▶ **Work order**:
Copy only what lies from the line containing "Image showing crenshaw melon" through the line containing "Morgan Silver Dollar (2)" in the entries below, keeping both end lines exact and dropping every picture.

-*-

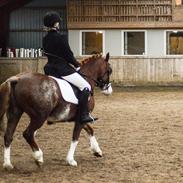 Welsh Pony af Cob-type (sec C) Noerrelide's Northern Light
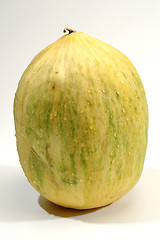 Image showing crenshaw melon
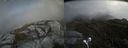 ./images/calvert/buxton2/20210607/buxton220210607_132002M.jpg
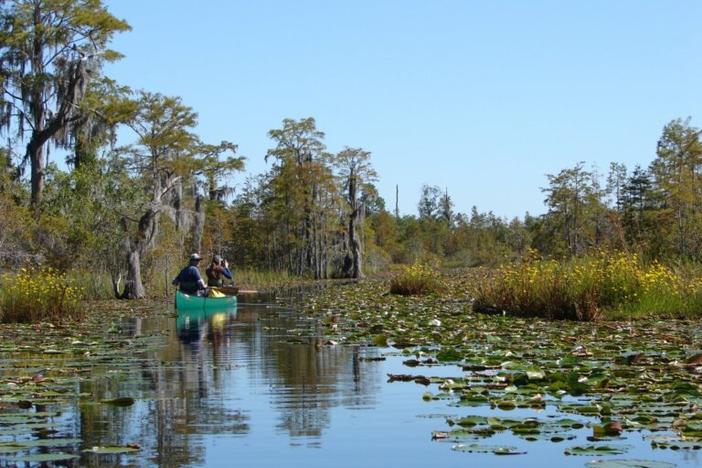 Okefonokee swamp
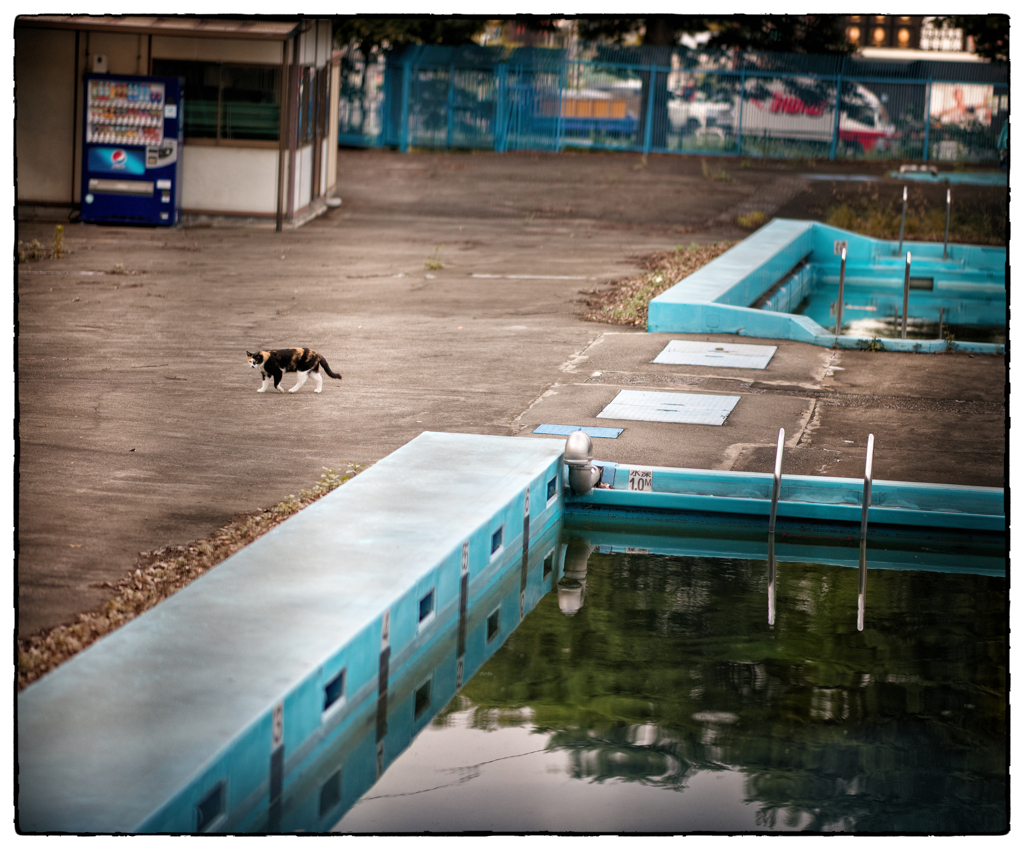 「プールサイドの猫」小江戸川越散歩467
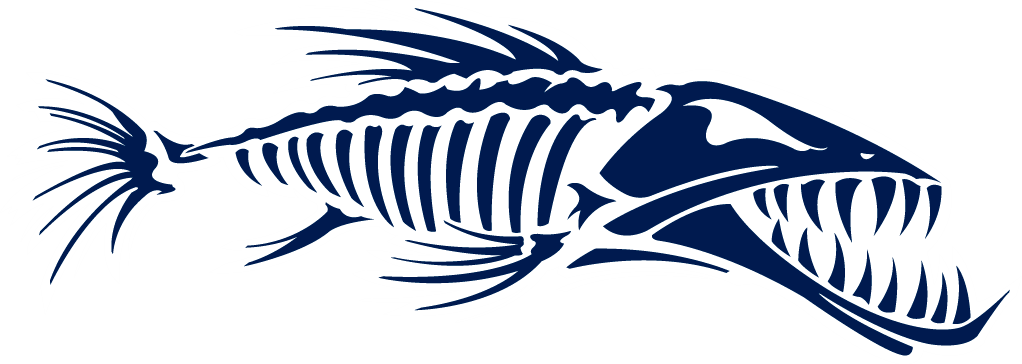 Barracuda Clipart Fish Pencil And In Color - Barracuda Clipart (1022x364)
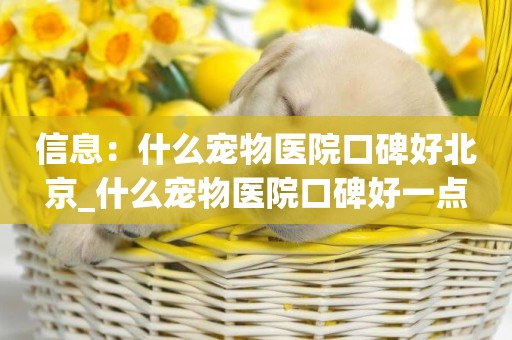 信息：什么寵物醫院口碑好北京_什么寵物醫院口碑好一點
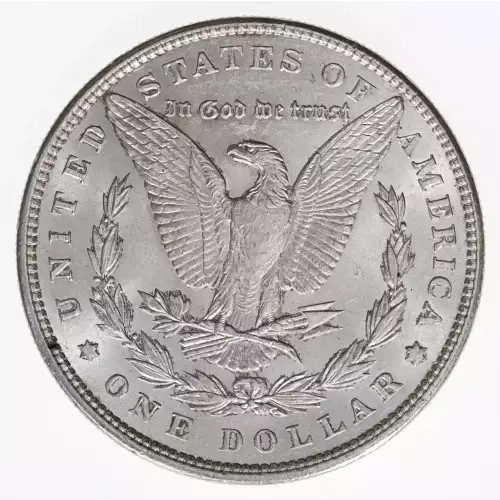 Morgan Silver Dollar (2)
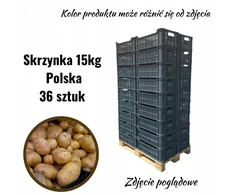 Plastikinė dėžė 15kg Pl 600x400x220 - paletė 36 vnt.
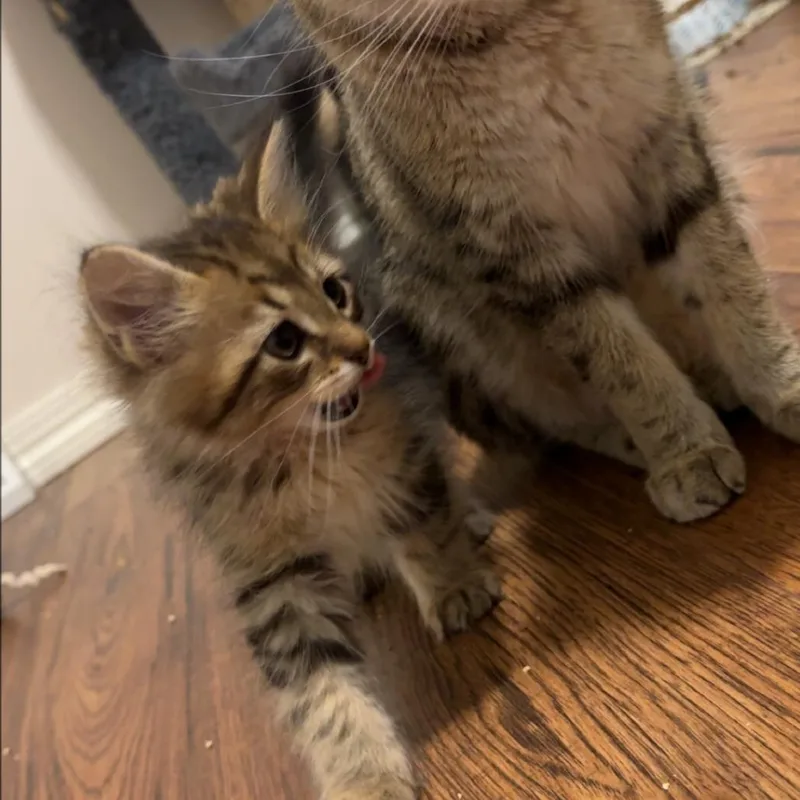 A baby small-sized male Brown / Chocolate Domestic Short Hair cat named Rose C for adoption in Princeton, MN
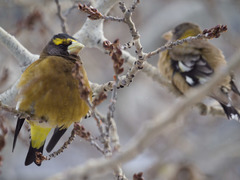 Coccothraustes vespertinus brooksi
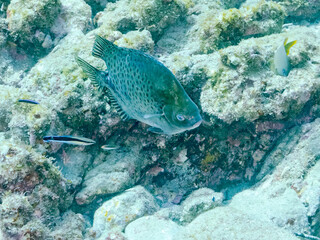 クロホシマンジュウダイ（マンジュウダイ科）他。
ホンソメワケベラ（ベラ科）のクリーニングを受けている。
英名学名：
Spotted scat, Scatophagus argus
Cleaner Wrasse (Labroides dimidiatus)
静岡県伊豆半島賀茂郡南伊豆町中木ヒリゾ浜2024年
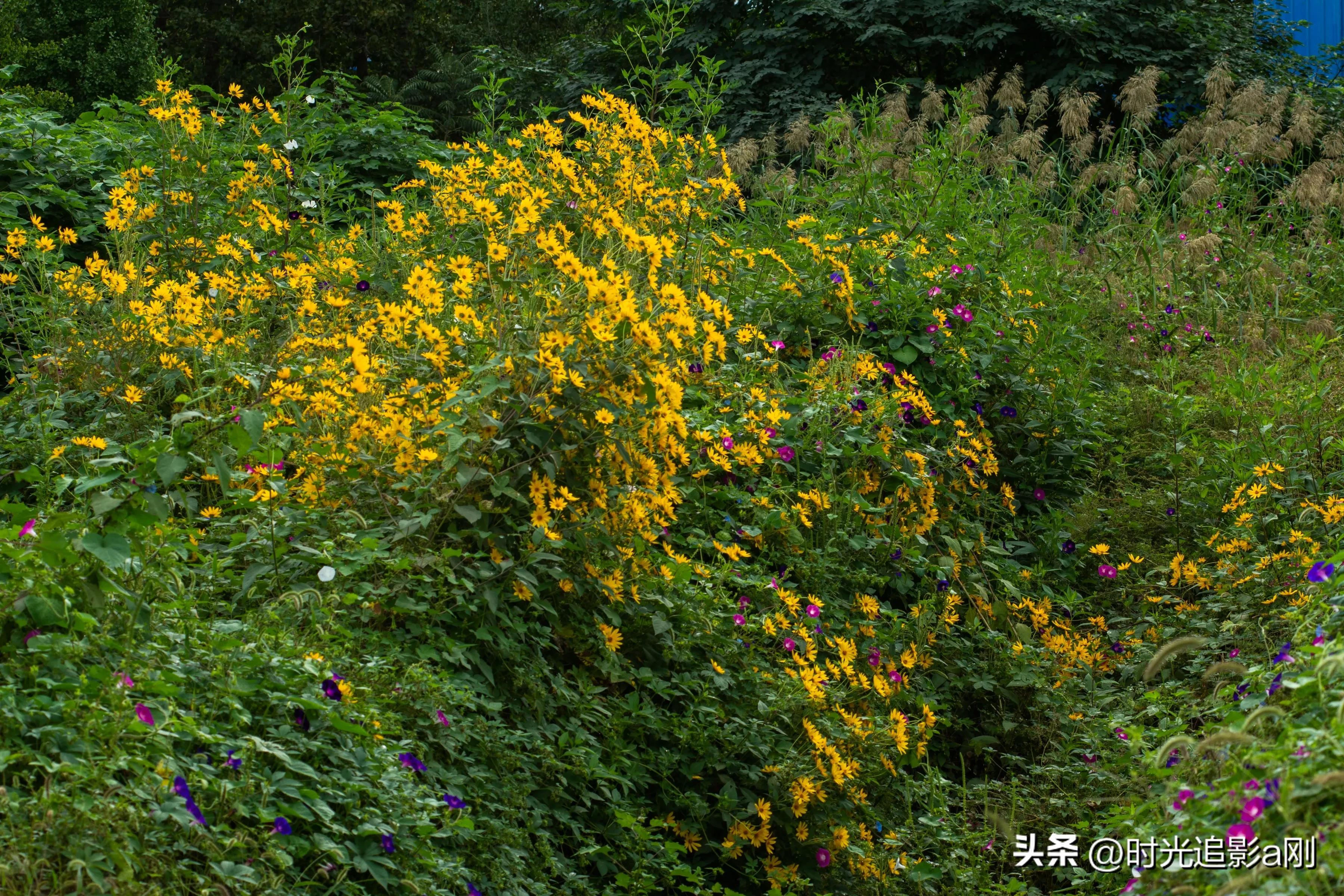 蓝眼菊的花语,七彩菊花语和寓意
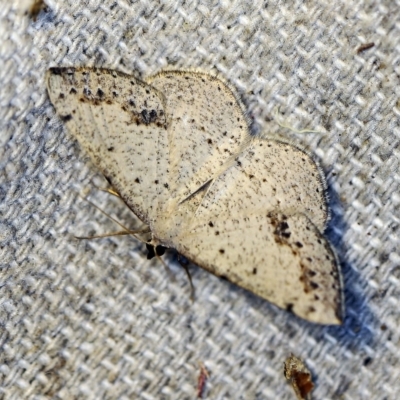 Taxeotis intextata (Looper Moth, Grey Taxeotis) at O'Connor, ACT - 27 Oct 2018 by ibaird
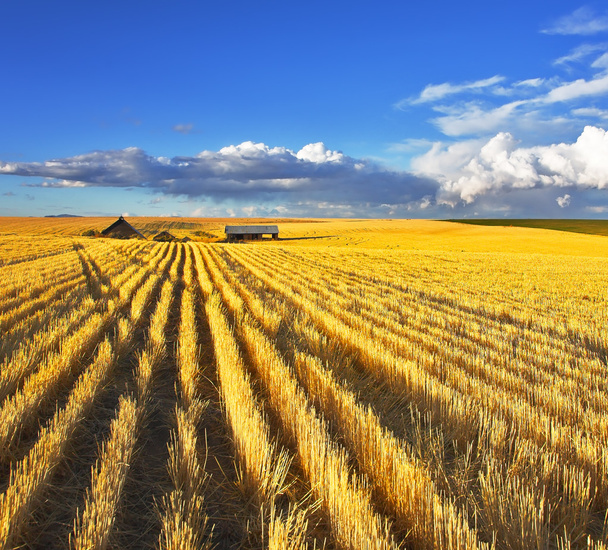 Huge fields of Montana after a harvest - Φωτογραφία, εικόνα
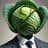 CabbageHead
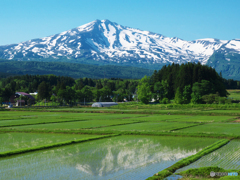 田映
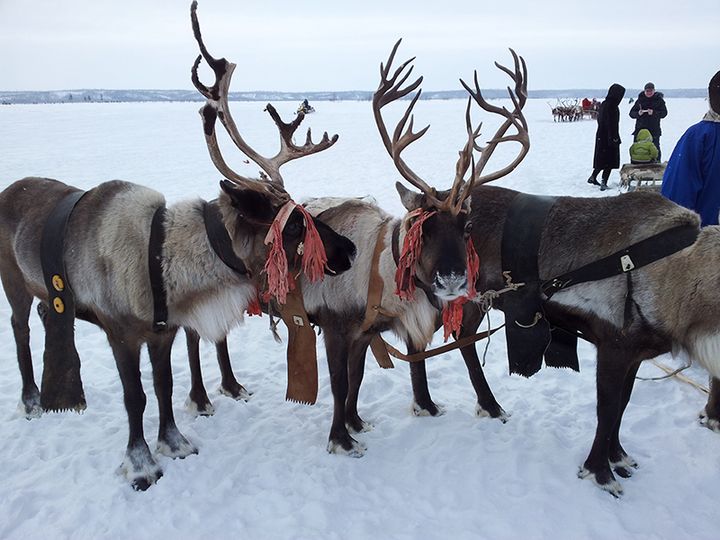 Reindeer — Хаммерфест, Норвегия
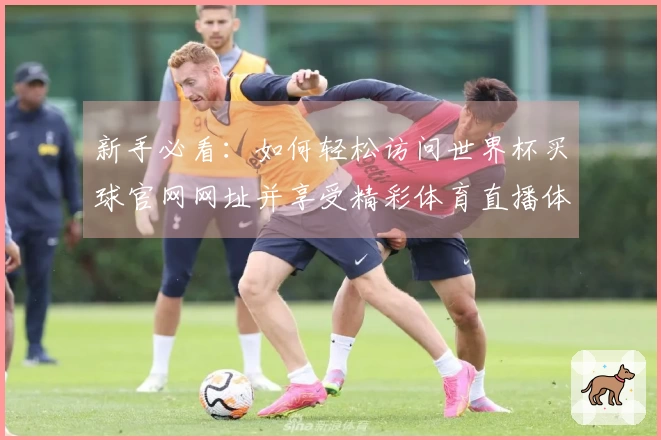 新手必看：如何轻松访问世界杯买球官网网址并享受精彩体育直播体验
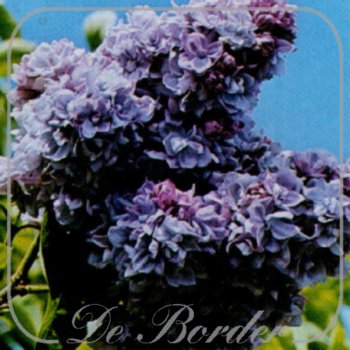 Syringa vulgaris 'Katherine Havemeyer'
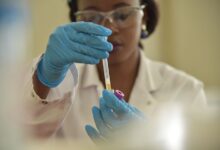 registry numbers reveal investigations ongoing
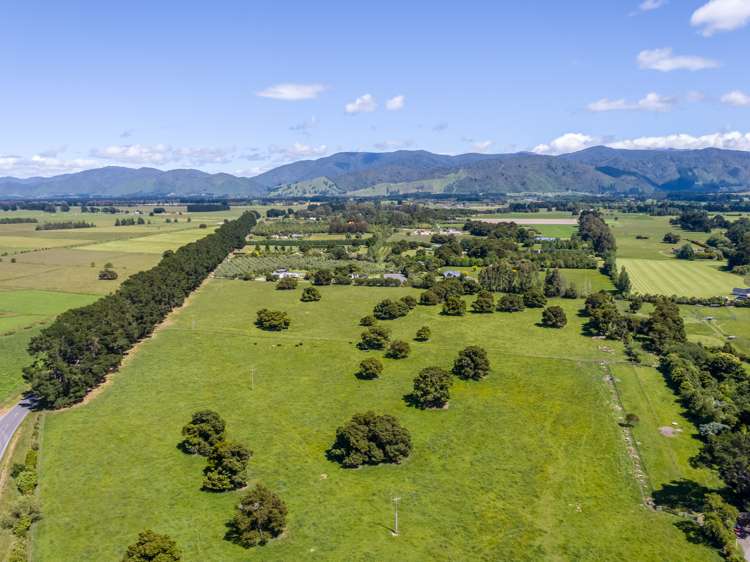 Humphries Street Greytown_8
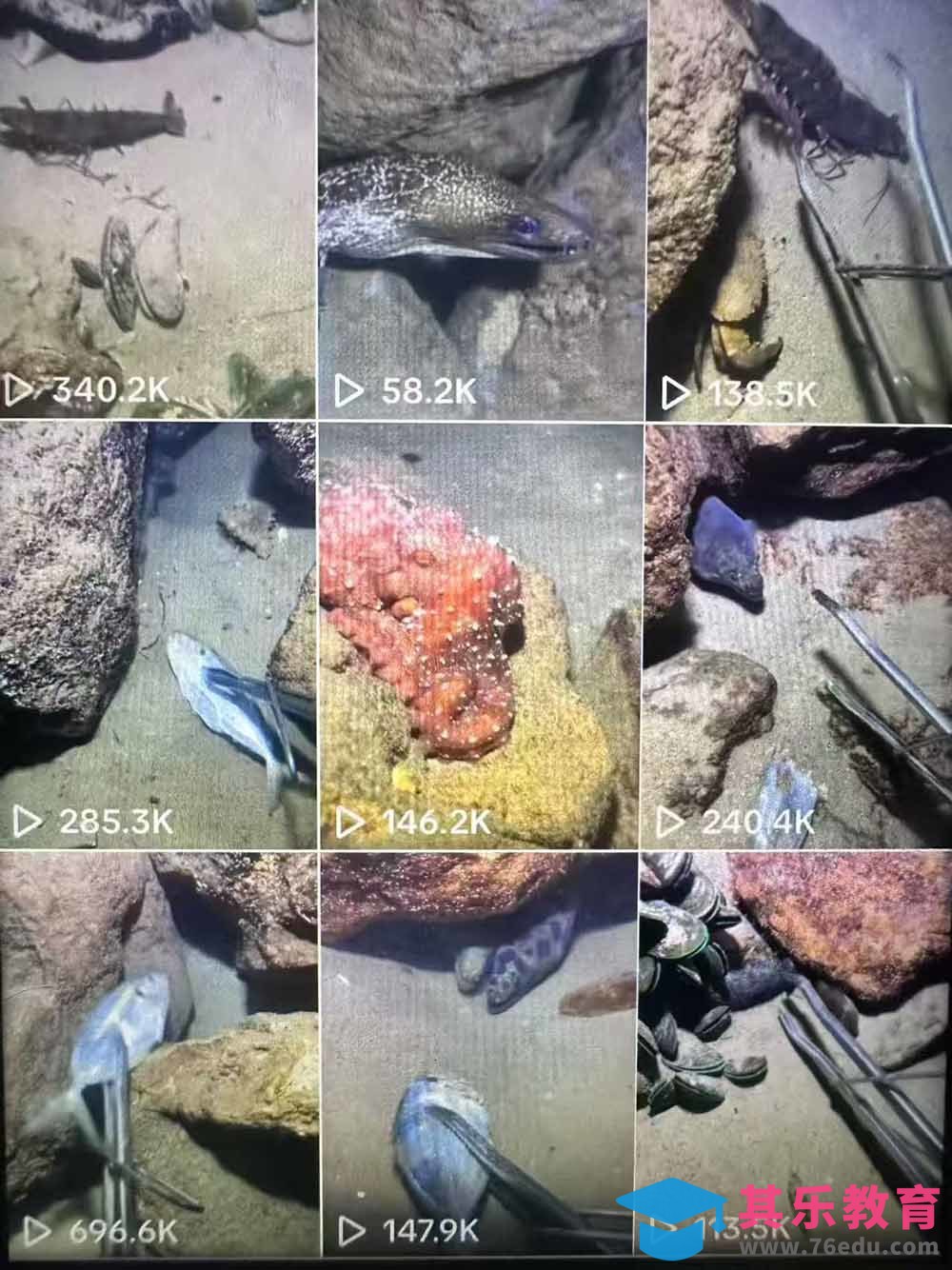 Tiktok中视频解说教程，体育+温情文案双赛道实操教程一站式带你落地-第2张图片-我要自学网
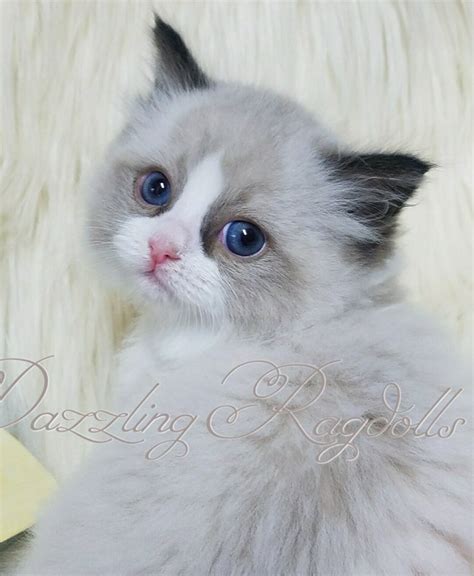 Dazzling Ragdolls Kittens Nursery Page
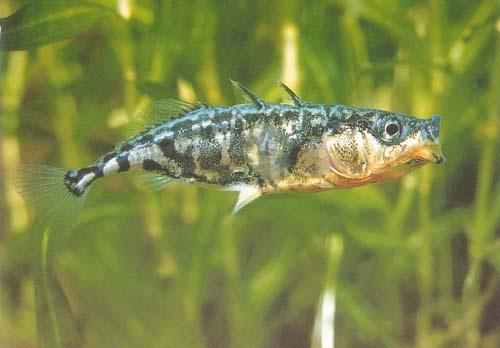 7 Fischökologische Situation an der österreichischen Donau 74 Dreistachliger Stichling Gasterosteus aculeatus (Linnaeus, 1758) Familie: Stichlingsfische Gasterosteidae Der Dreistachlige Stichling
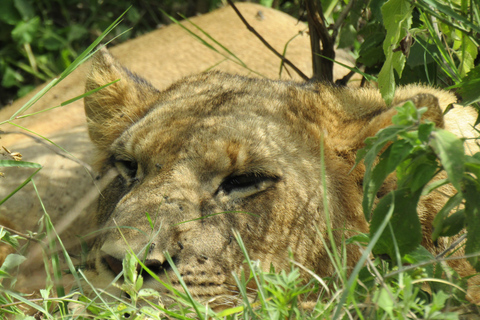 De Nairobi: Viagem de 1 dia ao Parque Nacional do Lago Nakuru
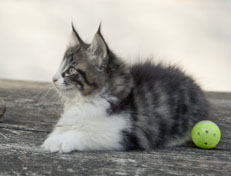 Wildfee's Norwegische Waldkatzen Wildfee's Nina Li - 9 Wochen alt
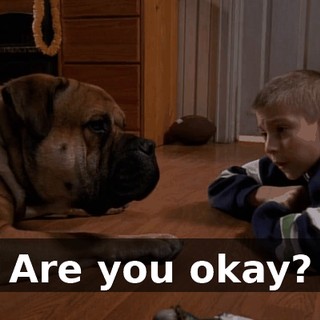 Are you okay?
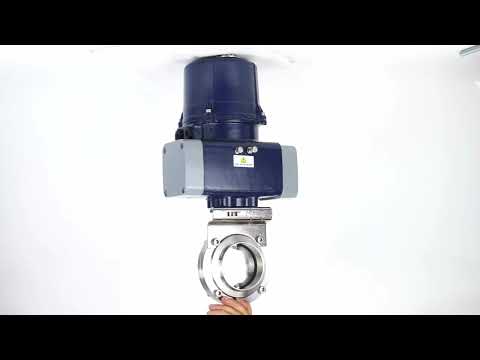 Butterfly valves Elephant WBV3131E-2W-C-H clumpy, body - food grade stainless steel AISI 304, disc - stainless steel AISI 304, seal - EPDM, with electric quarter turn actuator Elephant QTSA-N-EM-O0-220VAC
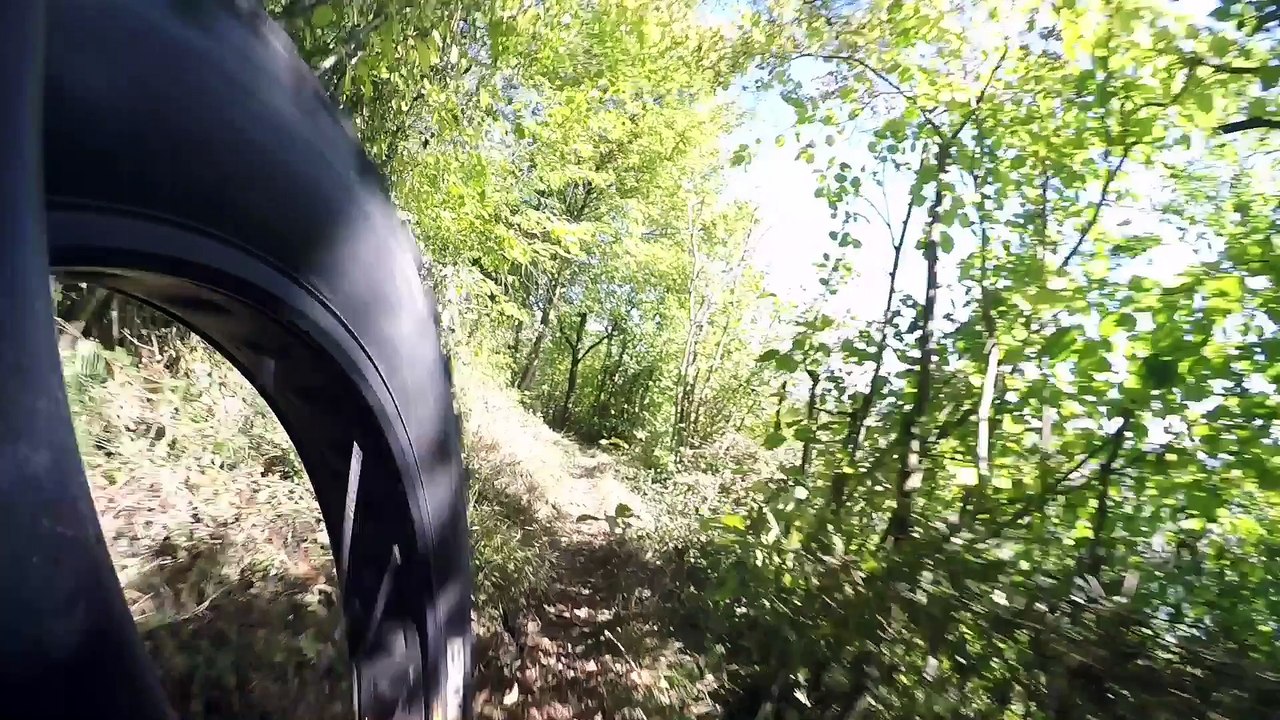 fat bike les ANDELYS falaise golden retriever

-*-

▶ **Solution for this task**:
 Image showing crenshaw melon
 ./images/calvert/buxton2/20210607/buxton220210607_132002M.jpg
 Okefonokee swamp
 「プールサイドの猫」小江戸川越散歩467
 Barracuda Clipart Fish Pencil And In Color - Barracuda Clipart (1022x364)
 信息：什么寵物醫院口碑好北京_什么寵物醫院口碑好一點
 Morgan Silver Dollar (2)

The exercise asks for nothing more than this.